Turkey showcases drones at Azerbaijan air show

Spinning through the air at lightning speed, Turkish drones like those used against Russian forces in Ukraine draw cheers from crowds at an air show in Azerbaijan.

Turkey is showcasing its defense technology at the “Teknofest” aerospace and technology festival which kicked off this week in Baku, the capital of Azerbaijan.

Turkish President Recep Tayyip Erdogan is expected to attend on Saturday.

Turkey’s TB2 drones are manufactured by aerospace company Baykar Defense, where Erdogan’s increasingly prominent son-in-law Selcuk Bayraktar is chief technology officer.

Bayraktar flew over Baku on Wednesday in an Azerbaijani Air Force Mikoyan MiG-29 aircraft.
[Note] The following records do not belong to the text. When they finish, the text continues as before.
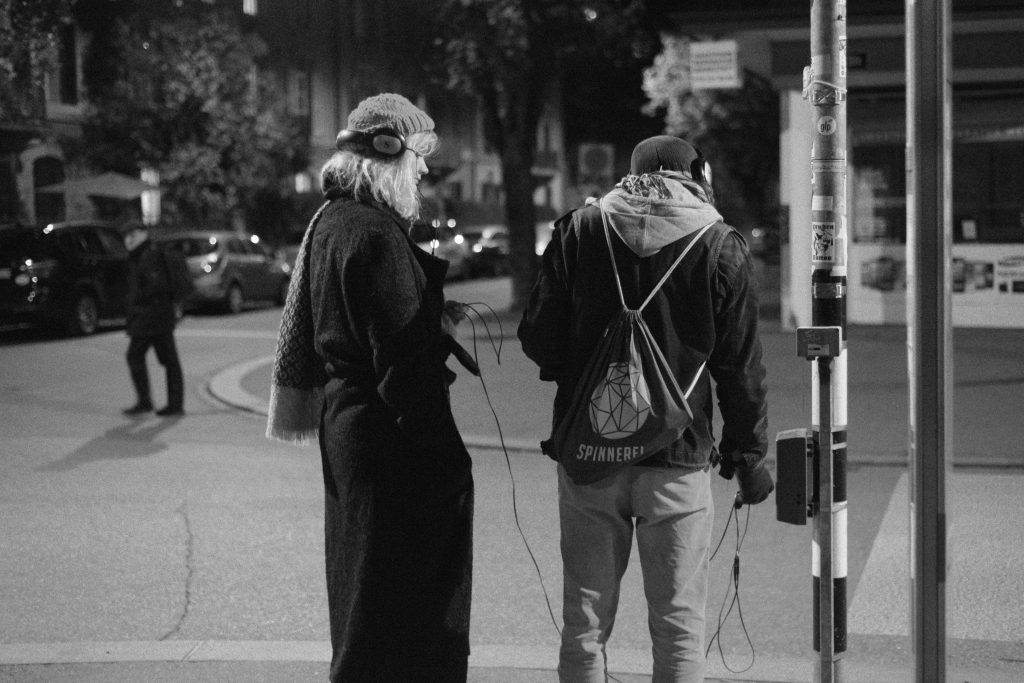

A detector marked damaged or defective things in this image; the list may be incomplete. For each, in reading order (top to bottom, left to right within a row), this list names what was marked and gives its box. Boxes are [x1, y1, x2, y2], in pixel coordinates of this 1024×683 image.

crack in pavement [158, 501, 194, 643]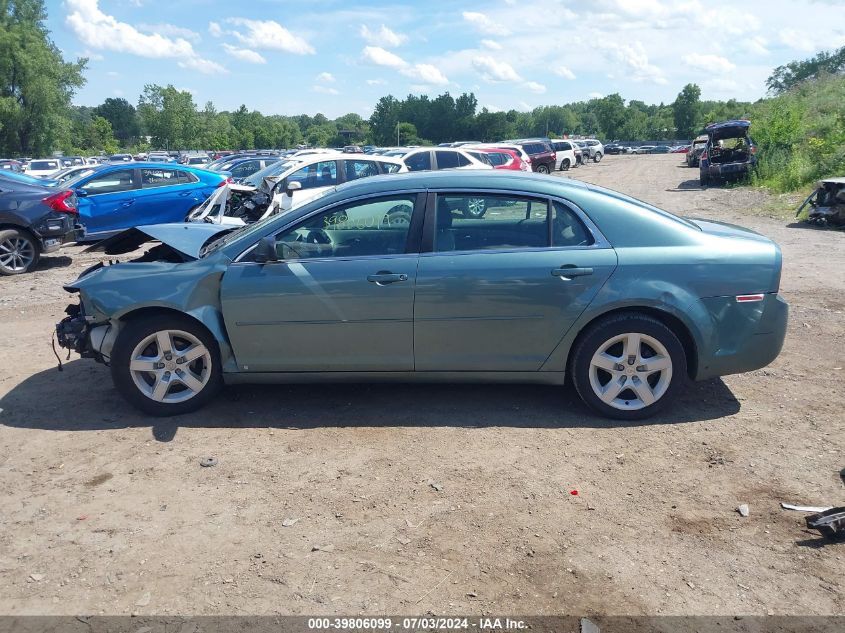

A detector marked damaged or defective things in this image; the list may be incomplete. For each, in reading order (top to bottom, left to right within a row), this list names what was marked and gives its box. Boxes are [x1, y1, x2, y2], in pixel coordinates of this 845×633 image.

crumpled hood [84, 222, 232, 256]
damaged green sedan [56, 170, 788, 418]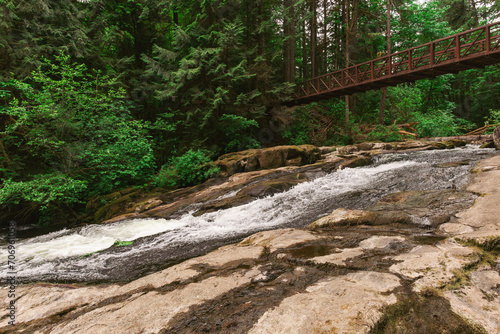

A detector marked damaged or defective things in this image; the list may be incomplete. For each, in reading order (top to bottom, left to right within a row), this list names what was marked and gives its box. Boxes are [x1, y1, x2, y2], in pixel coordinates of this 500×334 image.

rusty red bridge [294, 20, 500, 103]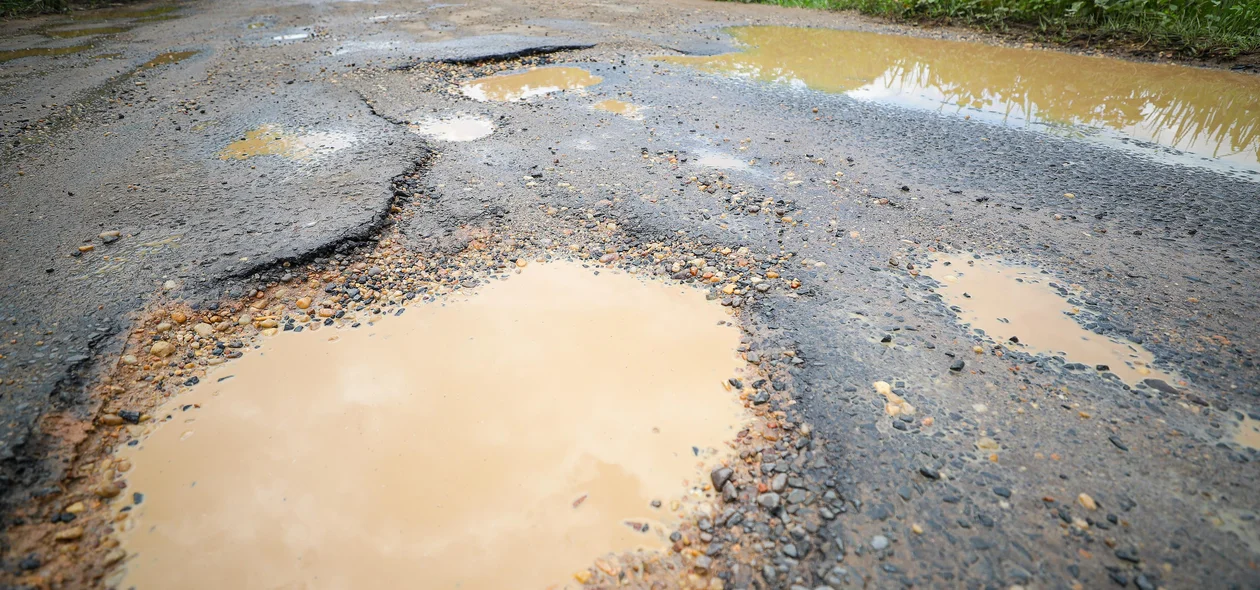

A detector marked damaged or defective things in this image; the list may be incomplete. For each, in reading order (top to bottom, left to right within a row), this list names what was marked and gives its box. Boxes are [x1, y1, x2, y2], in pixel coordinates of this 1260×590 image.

large pothole [111, 262, 752, 588]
One of its combat drones, the “Akinci”, accompanied the flight.

A video showing Bayraktar flying the fighter jet, dressed in a pilot’s uniform adorned with patches of the Turkish and Azerbaijani flags, has gone viral on social media.
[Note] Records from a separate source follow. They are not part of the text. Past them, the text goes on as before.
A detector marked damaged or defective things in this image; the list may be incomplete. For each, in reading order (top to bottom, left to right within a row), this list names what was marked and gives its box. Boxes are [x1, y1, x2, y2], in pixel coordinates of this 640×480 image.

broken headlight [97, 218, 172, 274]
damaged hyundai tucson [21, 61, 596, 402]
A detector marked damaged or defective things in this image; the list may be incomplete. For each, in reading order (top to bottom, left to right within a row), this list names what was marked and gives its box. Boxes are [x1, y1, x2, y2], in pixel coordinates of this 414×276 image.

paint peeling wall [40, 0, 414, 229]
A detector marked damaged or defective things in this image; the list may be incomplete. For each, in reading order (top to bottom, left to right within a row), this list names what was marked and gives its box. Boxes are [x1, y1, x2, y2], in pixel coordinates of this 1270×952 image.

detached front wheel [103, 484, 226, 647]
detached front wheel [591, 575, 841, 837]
“It was a childhood dream for me,” Bayraktar told reporters after the flight.

– Proximity to “threats” –

Turkish drones first attracted attention in 2019 when they were used during the war in Libya to thwart an advance by rebel commander General Khalifa Haftar against the government in Tripoli.

They were then brought into action again the following year when Turkish-backed Azerbaijan regained most of the land it had lost to Armenian separatist forces in the disputed region of Nagorno-Karabakh.
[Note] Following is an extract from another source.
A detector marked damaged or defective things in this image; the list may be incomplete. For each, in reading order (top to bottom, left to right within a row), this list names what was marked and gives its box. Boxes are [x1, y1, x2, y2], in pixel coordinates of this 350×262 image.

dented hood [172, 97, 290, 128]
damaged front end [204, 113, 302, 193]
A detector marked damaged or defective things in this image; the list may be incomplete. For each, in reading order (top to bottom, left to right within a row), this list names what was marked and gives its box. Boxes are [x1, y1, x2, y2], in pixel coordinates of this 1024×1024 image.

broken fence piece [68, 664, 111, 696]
Azerbaijani spectators at the aviation festival cheered during a demonstration of TB2 drones, which now play a leading role against the invasion of Russian forces in Ukraine.

A senior Turkish defense industry official said his country faced a wide range of “threats”, including the Kurdistan Workers’ Party (PKK) and jihadists from the Islamic State group.

The PKK is listed as a terrorist group by Ankara and its Western allies.

But with NATO allies – including the United States – having imposed embargoes on Turkey, Ankara was forced to take matters into its own hands to build defense equipment, the official told AFP.

“The situation is changing with the war in Ukraine,” the official said.

Turkey has sought to modernize its air force after being kicked out of the F-35 fighter jet program over its purchase of Russia’s S-400 missile defense system.

But Ankara’s role in trying to mediate an end to the Ukrainian conflict through direct negotiations may have helped improve its relations with Washington in recent months.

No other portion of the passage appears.